What can be considered holding the game hostage?
Just had a match playing as the trickster.
1 gen left, 2 survivors alive.
The survivors were doing absolutely nothing, just hiding for like 10, 15 minutes, then at some point i found one of them. hooked him, closed the hatch and then the other one escaped by the exit gate.
Can what they were doing be considered "hold the game hostage"?
Comments
-
Yeah. Not that they will get punished for it, but they were literally waiting for the other one to die to escape through hatch or exit gates. They refused to do objectives and play the game, so by definition they were holding the game hostage, shame as a killer you can't do anything in this situation and if you give up you just derank and eat a loss while they get an undeserved win.
Game should have a timer.
4 -
- Survivors refuse to do gens and are just hiding.
- Killers are just leaving people on the floor and refuse to hook them.
- The killer goes AFK on the hatch or something.
1 -
The only one of those I consider holding the game hostage is the first. There's nothing the killer can really do to move the game forward without going through every inch of the map to try and find the survivors.
Killers slugging there's a timer for so the game will still end.
The killer standing on the hatch... PLEASE. Go work on a generator. If they're wasting their time on the hatch you can still move the game forward. You still have the ability to do so.
I understand it's just your opinion though.
17 -
That is holding the game hostage, but the devs have yet to do anything about it.
1 -
Intention is important. This is a very classic situation where the survivors feel (and they are right) that they individually have a better chance of surviving (this is the goal of the survivors) by playing the hatch rather than indicating their position to the killer by repairing a generator.
For me, this is absolutely unintentional, and therefore does not have to be punished, it has to be resolved by the mechanics of the game itself (and if possible, without once again benefiting the killers).
At this point, use perks to help you find survivors, or avoid staying too long and going back to generators too quickly as soon as there are only two survivors left (and don't wait to do so).
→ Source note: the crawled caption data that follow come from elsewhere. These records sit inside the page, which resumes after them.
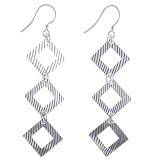 EXP Sterling Silver Patterned Diamond Dangle Earrings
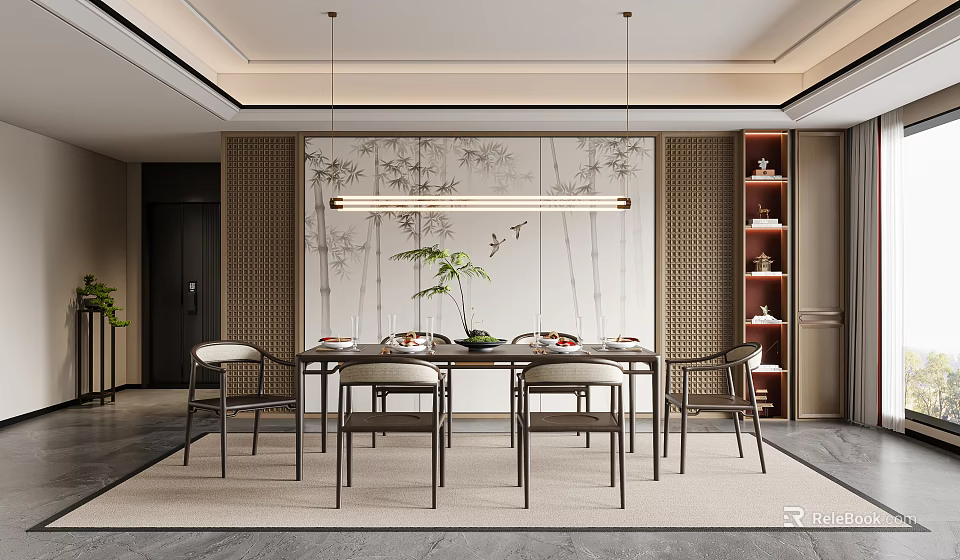 Modern Chinese Restaurant Interior With Dining Table Bamboo Painting Pendant Light And Chairs 3d model 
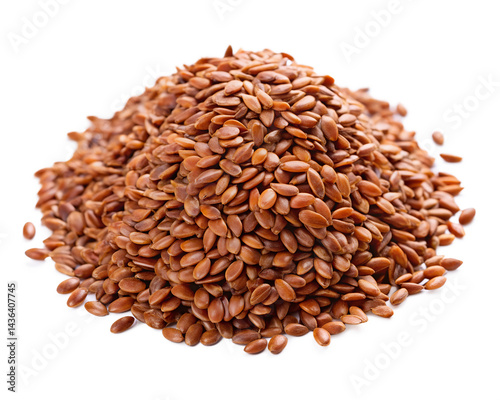 flax seeds isolated on white background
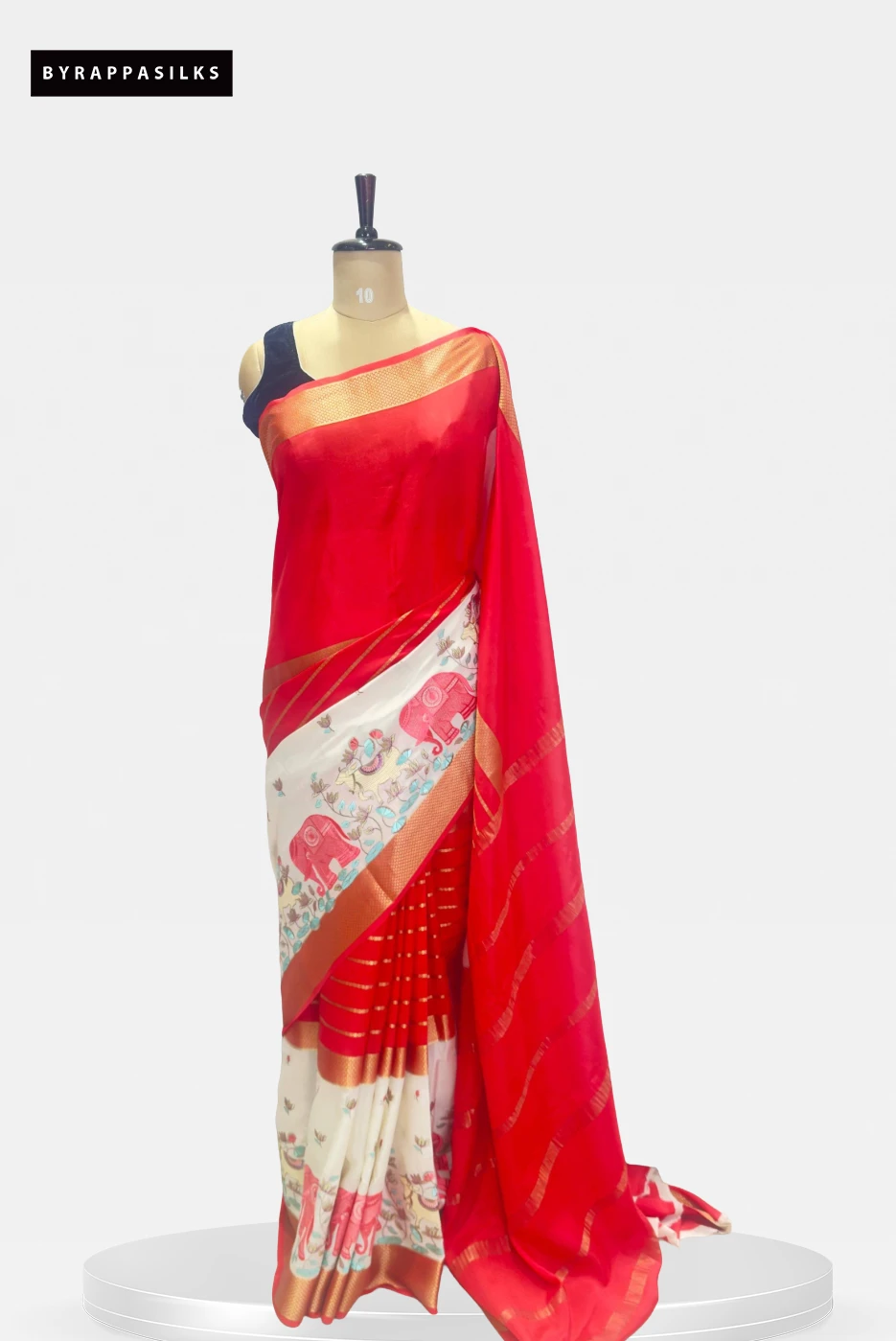 Pure Mysore Silk Saree Red & Off White QS284400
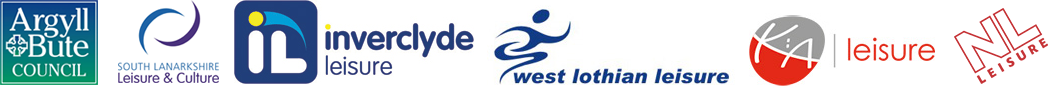 Banner containing logos of previous clients in the swimming pool and leisure industry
Yes, it sounds silly, suboptimal, unfair, but faking or even giving survivors a better chance is the best thing the killer can do to avoid this situation now.
(And in this specific case where the hatch has appeared, there's a good chance that at least one survivor will be nearby after a few minutes)
1 -
It depends on the amount of butthurt of the losing end usually. In dbd, people complain a lot. However, I'd guarantee you that doing fixated locker hopping for 'whoever gets spotted last gets the hatch' is a very obnoxious way to hold the game longer than it should.
1 -
The last two are not hostage holding. Point two because slugging will result in someone dying in a very specific and known quantity of time (four minutes), and point three because the last Survivor can do gens to power the Exit Gates.
6 -
Whispers and profit
2 -
What counts as holding the game hostage has always been kind of vague. IMO, there are two things that have to be true:
- One team has the ability to progress or end the match, but refuses to do it.
- The other team does not have the ability to progress or end the match.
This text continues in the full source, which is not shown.